- _What you should do_
Quote the listing below in its entirety, omitting every image.

- _Dataset content_

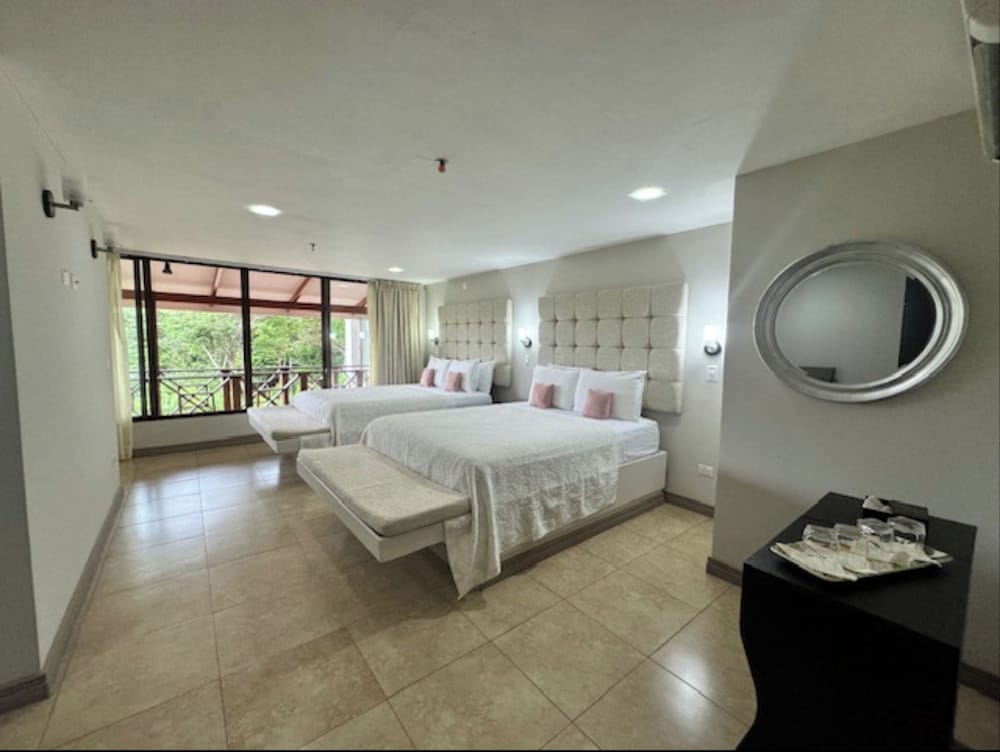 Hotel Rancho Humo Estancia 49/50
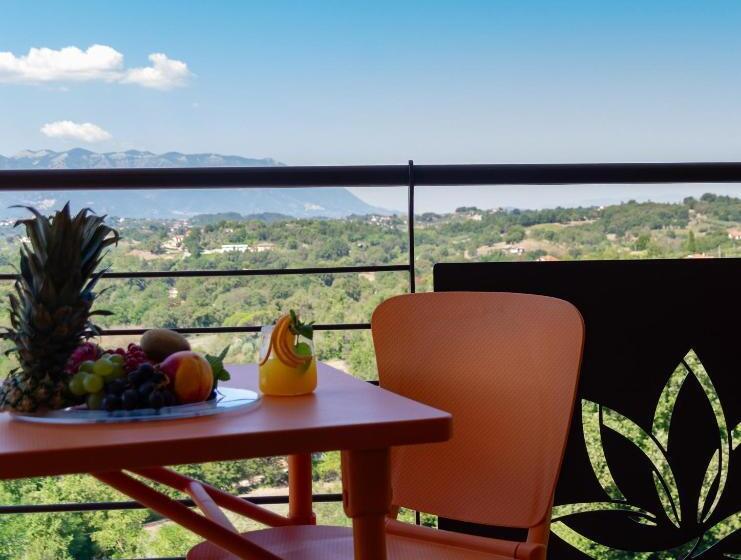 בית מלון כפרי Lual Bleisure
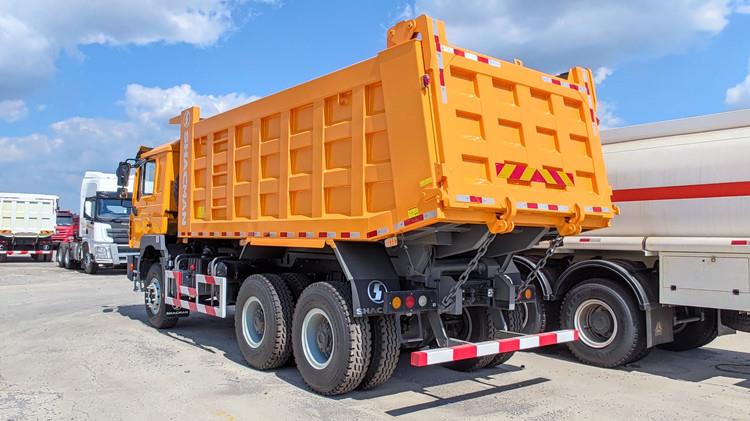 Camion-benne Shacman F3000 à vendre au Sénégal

- _Solved exercise_
 Hotel Rancho Humo Estancia 49/50
 בית מלון כפרי Lual Bleisure
 Camion-benne Shacman F3000 à vendre au Sénégal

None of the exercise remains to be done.